Showing America Why the Trans-Pacific Partnership Trade Deal Matters

America is turning anti-trade, fed up with economic dislocation and the movement of manufacturing offshore.

Financial Review
FILE - In this Oct. 8, 2013, file photo, U.S. Secretary of State John Kerry, front right, and New Zealand Prime Minister John Key, front second left, arrive for the Trans-Pacific Partnership meet in Bali, Indonesia.
FILE - In this Oct. 8, 2013, file photo, U.S. Secretary of State John Kerry, front right, and New Zealand Prime Minister John Key, front second left, arrive for the Trans-Pacific Partnership meet in Bali, Indonesia.
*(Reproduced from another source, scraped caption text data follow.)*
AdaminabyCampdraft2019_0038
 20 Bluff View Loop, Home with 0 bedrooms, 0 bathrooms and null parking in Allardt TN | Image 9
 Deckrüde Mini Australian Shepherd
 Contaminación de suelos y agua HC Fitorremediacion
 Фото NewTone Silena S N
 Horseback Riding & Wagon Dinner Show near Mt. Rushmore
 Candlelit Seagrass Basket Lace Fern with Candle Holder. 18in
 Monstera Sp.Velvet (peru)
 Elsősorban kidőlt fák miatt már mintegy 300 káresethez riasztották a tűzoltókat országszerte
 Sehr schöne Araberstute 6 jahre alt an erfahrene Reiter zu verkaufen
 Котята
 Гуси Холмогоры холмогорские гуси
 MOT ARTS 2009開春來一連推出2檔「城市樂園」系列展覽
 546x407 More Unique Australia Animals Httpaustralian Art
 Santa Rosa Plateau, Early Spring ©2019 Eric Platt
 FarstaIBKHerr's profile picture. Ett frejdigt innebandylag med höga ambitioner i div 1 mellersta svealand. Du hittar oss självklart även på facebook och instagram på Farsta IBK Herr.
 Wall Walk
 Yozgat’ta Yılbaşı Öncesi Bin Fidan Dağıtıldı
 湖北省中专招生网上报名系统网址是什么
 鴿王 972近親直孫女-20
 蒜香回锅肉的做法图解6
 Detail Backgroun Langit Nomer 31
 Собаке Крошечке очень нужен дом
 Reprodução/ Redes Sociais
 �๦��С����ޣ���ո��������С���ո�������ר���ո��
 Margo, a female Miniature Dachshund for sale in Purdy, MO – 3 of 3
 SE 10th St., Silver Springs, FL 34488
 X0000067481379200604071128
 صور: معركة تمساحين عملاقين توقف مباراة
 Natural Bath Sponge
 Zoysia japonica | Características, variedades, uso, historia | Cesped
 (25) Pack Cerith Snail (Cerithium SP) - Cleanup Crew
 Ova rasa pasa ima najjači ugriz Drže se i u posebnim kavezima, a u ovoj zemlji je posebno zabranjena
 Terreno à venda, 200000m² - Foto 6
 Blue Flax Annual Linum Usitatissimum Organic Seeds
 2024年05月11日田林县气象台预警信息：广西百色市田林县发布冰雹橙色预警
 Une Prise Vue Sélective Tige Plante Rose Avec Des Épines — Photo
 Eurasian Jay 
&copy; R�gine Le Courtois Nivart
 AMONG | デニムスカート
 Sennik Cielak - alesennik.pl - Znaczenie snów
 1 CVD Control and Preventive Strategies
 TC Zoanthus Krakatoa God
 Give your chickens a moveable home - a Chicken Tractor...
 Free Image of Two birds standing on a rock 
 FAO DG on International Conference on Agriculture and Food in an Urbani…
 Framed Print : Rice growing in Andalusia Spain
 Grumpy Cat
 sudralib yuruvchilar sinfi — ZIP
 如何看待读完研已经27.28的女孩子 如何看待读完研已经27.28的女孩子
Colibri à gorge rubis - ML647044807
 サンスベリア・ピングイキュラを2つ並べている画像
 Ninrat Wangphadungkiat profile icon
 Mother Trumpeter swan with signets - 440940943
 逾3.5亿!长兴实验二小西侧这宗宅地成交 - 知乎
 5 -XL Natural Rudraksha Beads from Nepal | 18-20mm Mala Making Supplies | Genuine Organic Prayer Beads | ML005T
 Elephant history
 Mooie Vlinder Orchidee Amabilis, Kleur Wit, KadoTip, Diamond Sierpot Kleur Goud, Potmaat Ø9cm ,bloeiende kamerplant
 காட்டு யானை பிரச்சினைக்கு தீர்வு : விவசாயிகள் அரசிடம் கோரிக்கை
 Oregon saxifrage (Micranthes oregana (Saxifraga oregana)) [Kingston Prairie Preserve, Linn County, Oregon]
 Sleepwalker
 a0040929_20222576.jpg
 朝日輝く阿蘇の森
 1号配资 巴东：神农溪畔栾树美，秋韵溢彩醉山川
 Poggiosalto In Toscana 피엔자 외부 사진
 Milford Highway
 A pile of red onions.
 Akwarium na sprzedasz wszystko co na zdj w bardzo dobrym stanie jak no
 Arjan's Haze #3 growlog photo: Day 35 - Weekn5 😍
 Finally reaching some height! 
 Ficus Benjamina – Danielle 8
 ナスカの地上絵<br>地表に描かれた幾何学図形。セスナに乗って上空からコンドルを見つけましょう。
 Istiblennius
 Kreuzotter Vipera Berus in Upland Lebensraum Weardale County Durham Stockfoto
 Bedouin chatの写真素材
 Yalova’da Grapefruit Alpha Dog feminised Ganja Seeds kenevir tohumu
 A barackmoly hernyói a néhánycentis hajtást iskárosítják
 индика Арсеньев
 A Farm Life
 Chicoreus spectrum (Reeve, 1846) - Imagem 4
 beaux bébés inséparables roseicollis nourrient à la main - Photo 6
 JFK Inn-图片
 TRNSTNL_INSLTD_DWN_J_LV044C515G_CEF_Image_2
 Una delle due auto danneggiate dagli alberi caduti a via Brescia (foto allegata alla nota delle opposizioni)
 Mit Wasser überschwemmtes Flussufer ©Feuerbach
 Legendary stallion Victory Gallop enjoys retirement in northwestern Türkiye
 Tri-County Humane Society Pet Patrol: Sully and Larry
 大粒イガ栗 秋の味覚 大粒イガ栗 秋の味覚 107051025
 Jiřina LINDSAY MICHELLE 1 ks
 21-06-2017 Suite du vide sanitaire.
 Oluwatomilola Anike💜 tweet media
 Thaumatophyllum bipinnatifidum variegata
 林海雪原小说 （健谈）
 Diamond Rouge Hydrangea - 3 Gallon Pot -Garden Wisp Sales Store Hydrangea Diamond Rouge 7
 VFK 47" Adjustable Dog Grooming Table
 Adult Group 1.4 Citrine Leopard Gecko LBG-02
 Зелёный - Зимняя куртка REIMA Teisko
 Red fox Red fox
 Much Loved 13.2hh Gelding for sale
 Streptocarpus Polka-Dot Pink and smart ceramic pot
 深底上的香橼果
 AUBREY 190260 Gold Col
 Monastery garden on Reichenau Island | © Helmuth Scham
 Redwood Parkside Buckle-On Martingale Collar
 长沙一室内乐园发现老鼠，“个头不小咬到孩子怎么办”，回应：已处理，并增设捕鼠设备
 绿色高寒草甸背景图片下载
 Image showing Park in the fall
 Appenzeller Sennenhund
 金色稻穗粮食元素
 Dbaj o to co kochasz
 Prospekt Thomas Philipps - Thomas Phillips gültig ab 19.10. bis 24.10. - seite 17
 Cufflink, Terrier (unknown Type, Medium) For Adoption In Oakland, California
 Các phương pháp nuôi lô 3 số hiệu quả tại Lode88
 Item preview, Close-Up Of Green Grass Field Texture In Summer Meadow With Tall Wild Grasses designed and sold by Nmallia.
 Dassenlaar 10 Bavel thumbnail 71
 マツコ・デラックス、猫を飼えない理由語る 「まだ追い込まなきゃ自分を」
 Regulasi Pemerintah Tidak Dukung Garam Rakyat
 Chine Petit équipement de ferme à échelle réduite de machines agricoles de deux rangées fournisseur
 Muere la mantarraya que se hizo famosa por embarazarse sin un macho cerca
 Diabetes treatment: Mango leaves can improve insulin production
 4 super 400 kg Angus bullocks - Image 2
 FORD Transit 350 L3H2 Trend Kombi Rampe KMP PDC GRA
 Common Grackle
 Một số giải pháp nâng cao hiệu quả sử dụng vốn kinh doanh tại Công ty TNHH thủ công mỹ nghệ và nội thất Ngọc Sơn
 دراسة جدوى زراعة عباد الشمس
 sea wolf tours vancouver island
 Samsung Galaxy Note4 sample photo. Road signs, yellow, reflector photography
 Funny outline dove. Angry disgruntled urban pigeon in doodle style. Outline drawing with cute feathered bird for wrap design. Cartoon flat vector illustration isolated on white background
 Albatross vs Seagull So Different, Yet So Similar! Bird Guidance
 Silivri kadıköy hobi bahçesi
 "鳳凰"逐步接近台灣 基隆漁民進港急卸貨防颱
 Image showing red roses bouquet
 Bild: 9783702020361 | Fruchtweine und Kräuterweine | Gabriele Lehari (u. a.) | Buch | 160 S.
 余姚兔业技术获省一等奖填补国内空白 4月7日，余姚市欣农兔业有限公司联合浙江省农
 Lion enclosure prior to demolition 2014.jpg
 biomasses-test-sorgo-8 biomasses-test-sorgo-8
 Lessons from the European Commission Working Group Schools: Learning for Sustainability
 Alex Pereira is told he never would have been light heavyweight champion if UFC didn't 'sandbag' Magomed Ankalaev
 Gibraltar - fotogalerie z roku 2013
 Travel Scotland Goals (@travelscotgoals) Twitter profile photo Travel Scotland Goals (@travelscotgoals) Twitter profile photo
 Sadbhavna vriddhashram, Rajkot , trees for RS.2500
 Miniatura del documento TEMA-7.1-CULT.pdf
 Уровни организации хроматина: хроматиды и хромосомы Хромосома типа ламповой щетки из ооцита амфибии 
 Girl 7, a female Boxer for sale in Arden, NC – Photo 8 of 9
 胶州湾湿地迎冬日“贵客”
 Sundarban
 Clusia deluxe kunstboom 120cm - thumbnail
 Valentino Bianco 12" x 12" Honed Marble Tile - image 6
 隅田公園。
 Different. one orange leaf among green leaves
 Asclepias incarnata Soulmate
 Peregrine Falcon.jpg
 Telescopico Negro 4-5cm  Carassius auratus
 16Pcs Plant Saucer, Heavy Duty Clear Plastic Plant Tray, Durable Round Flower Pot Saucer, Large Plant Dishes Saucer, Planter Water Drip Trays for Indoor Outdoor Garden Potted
Greetings from Birmingham, Alabama, where few residents have heard of the Trans-Pacific Partnership and even fewer would consider it beneficial to their livelihoods. Yet their congressional representatives will be asked to pass a bill to bring it into law. Herein lies the problem for the agreement's architects and advocates.

The World Bank estimates that, by 2030, the total effect of the Trans-Pacific Partnership on U.S. gross domestic product will be just 0.4 percent. Not 0.4 percent per annum but a total of 0.4 percent after 15 years. It's a rounding error and the American people instinctively know it. The estimated benefit for Australia is a tiny 0.7 percent of gross domestic product.

Developing countries like Vietnam and Malaysia would benefit most, with estimated increases in gross domestic product of more than 8 per cent.

Among U.S. presidential aspirants, the Trans-Pacific Partnership is virtually friendless. Donald Trump and his angry white Trumpeteers despise it. Hillary Clinton, who as secretary of state supported it, has since distanced herself from the deal, pledging to renegotiate it. America is turning inwards. Both its left and much of its right are anti-trade, fed up with economic dislocation and the movement of manufacturing offshore. For a time, cheaper domestic energy attracted many manufacturing operations back onshore, but the pace of offshoring is now fast outstripping that of onshoring.